**The task**. What is needed is an exact copy of the records below, minus any pictures.
(Beginning of Records for this exercise)
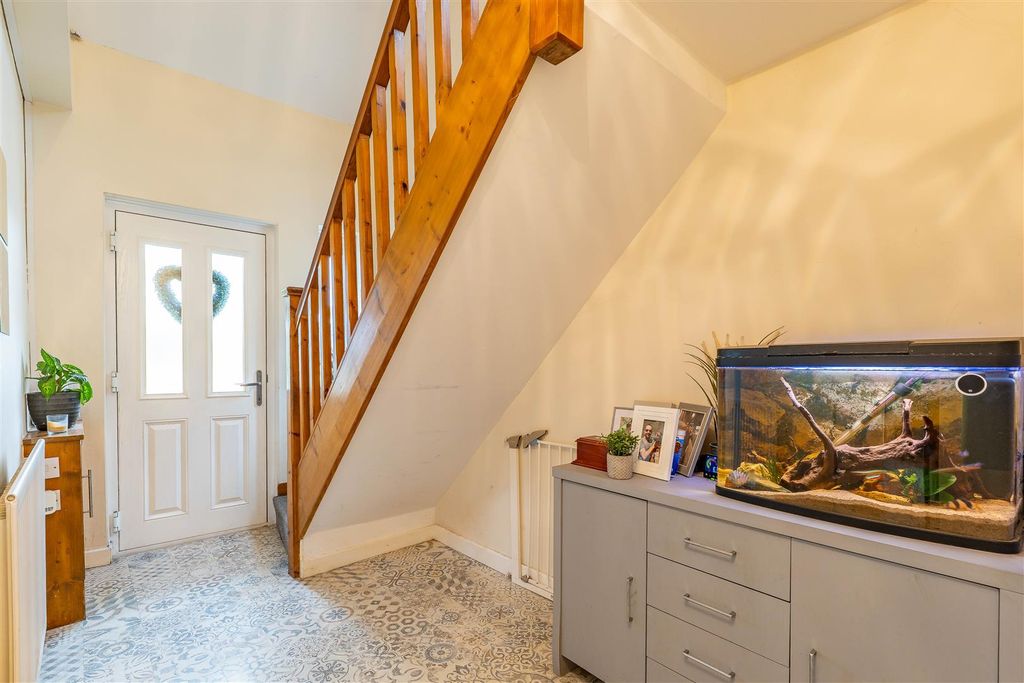 Property photo 2 of 27 Entrance Hall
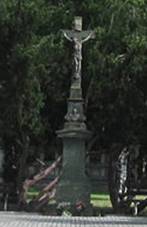 https://upload.wikimedia.org/wikipedia/commons/thumb/f/f5/Klopotovice%2C_h%C5%99bitov.jpg/1280px-Klopotovice%2C_h%C5%99bitov.jpg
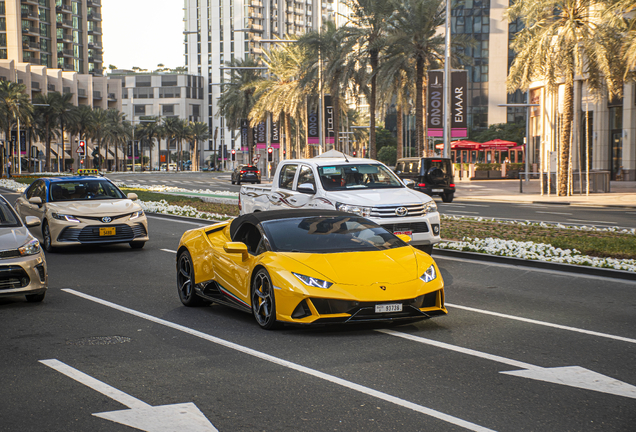 Lamborghini Huracán LP640-4 EVO Spyder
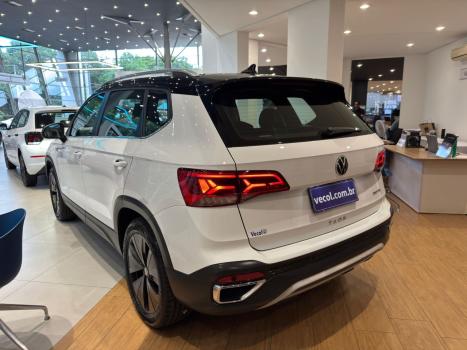 VOLKSWAGEN Taos 1.4 16V 4P FLEX 250 TSI HIGHLINE AUTOM�TICO, Foto 12
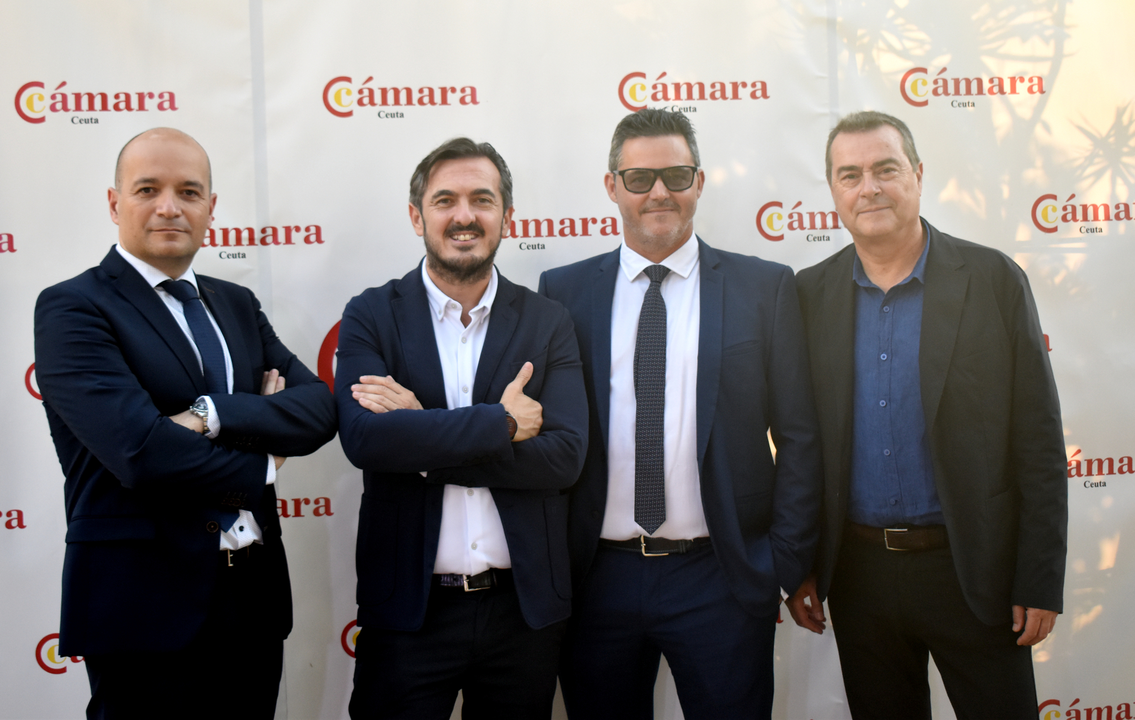 Juan Bravo recibe la Medalla de Oro de la C&aacute;mara de Comercio de Ceuta (15)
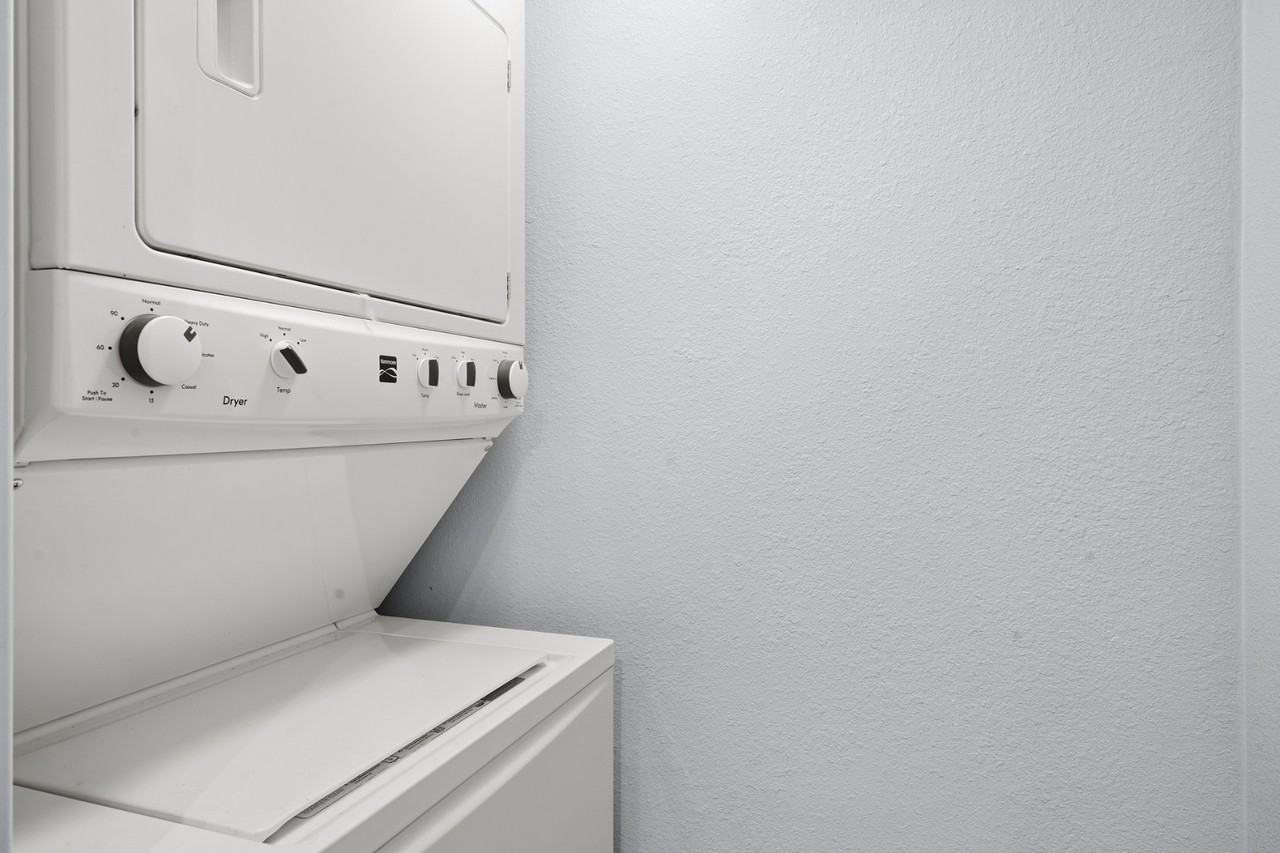 1238 W 4th St #3 - Photo 7 of 18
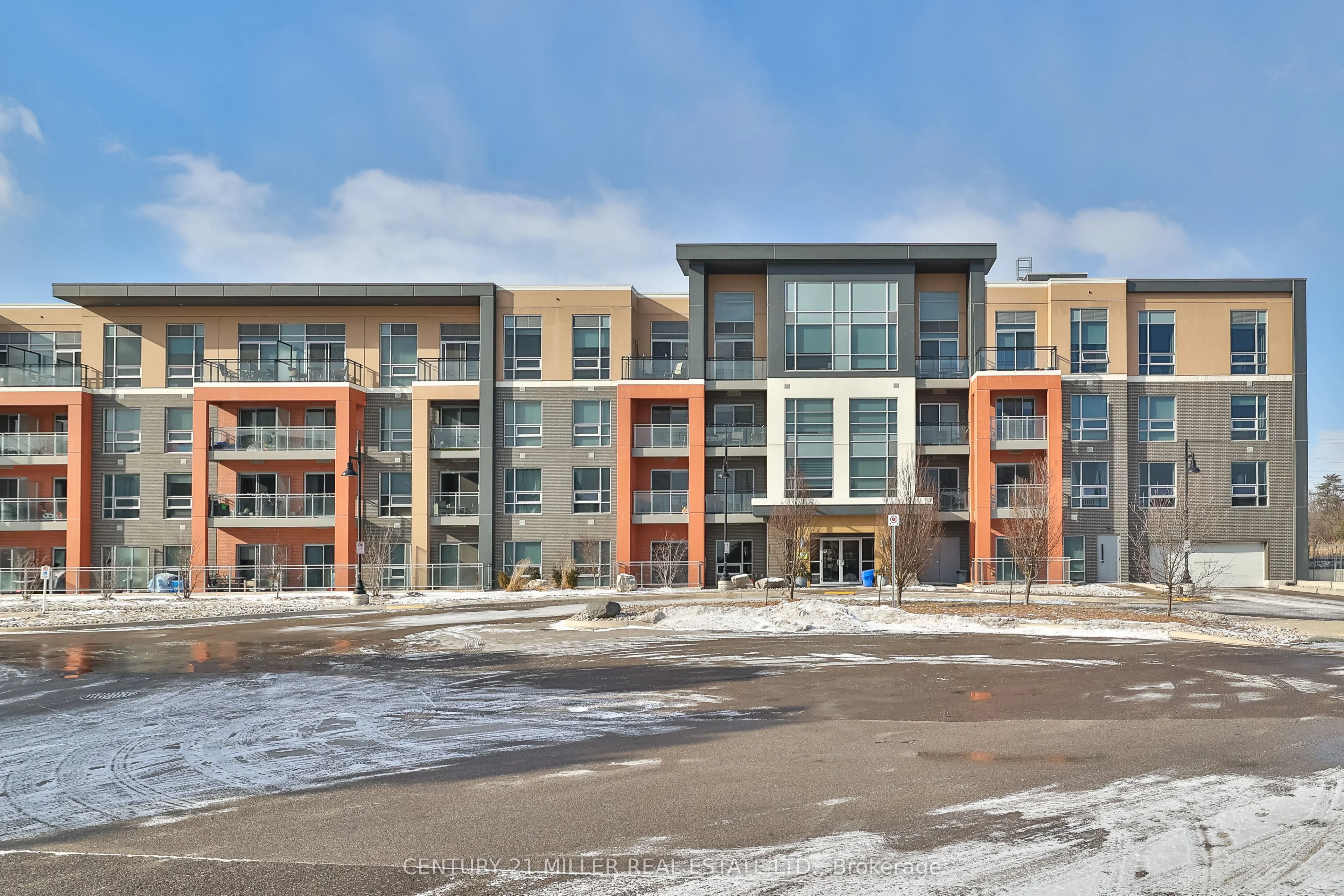Condo Apartment in Burlington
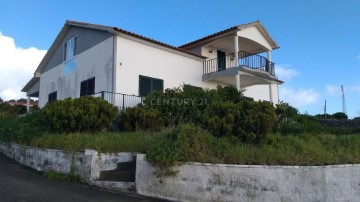 House 4 Bedrooms in Lajes das Flores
(End of Records for this exercise)
**Answer to the problem**.
 Property photo 2 of 27 Entrance Hall
 https://upload.wikimedia.org/wikipedia/commons/thumb/f/f5/Klopotovice%2C_h%C5%99bitov.jpg/1280px-Klopotovice%2C_h%C5%99bitov.jpg
 Lamborghini Huracán LP640-4 EVO Spyder
 VOLKSWAGEN Taos 1.4 16V 4P FLEX 250 TSI HIGHLINE AUTOM�TICO, Foto 12
 Juan Bravo recibe la Medalla de Oro de la C&aacute;mara de Comercio de Ceuta (15)
 1238 W 4th St #3 - Photo 7 of 18
Condo Apartment in Burlington
 House 4 Bedrooms in Lajes das Flores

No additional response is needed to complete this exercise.